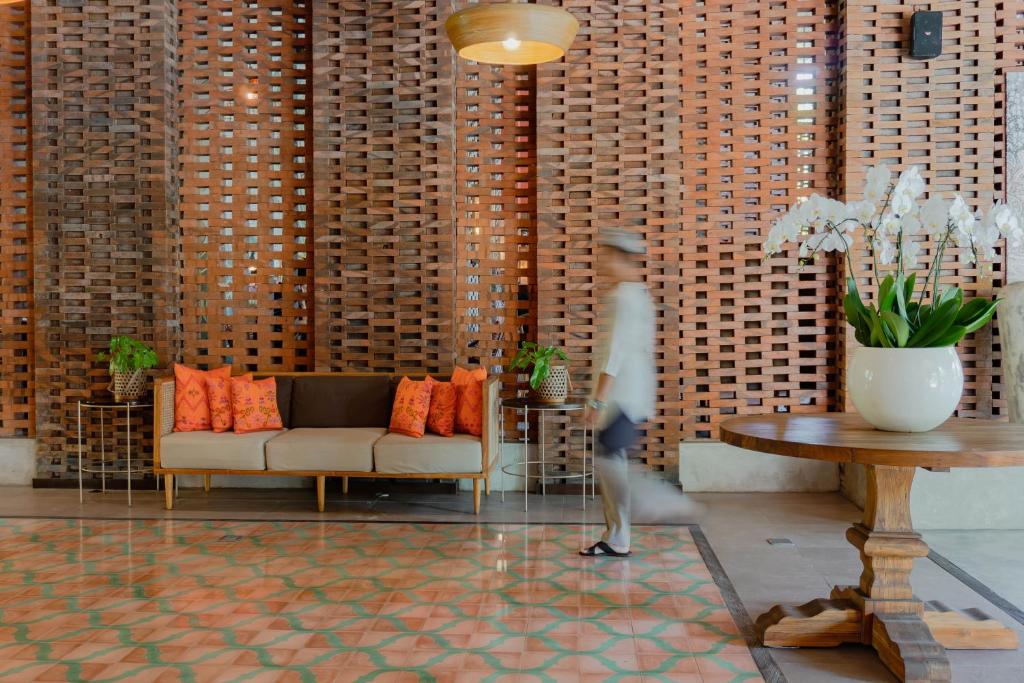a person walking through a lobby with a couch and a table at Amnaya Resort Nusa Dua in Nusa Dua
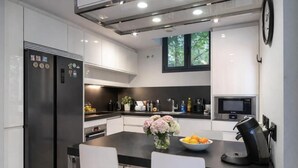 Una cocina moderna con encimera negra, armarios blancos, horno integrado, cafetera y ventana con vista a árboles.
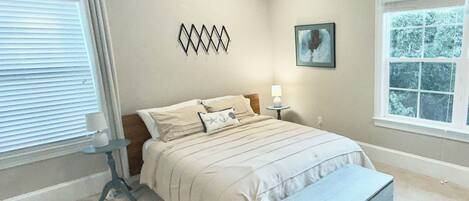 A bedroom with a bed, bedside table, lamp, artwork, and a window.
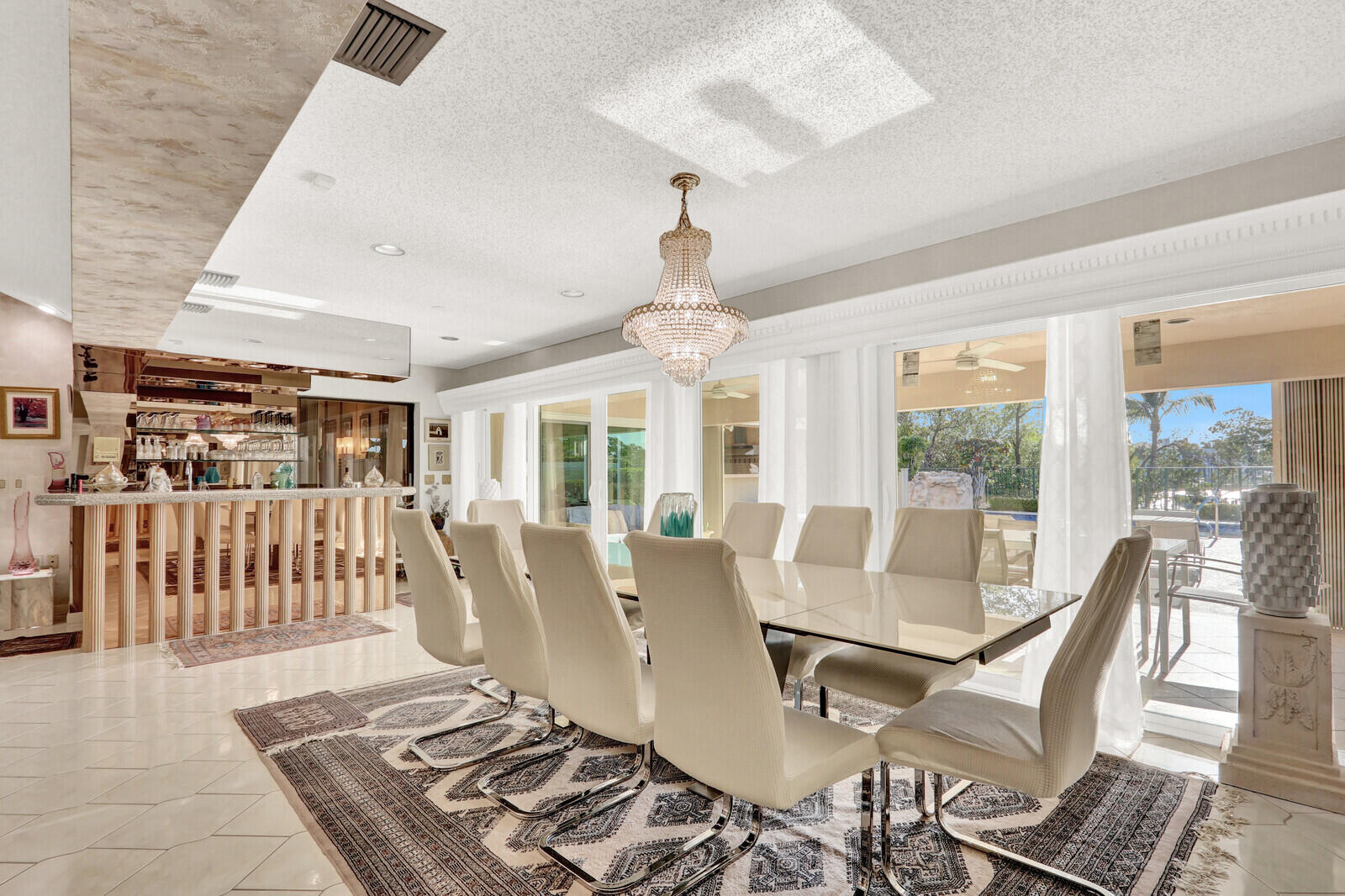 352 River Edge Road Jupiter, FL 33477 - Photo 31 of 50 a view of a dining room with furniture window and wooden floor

*EXERCISE INSTRUCTIONS:*
Only the text of the listing above should be copied, exactly and with pictures left out.

*RESPONSE AREA:*
a person walking through a lobby with a couch and a table at Amnaya Resort Nusa Dua in Nusa Dua
 Una cocina moderna con encimera negra, armarios blancos, horno integrado, cafetera y ventana con vista a árboles.
 A bedroom with a bed, bedside table, lamp, artwork, and a window.
 352 River Edge Road Jupiter, FL 33477 - Photo 31 of 50 a view of a dining room with furniture window and wooden floor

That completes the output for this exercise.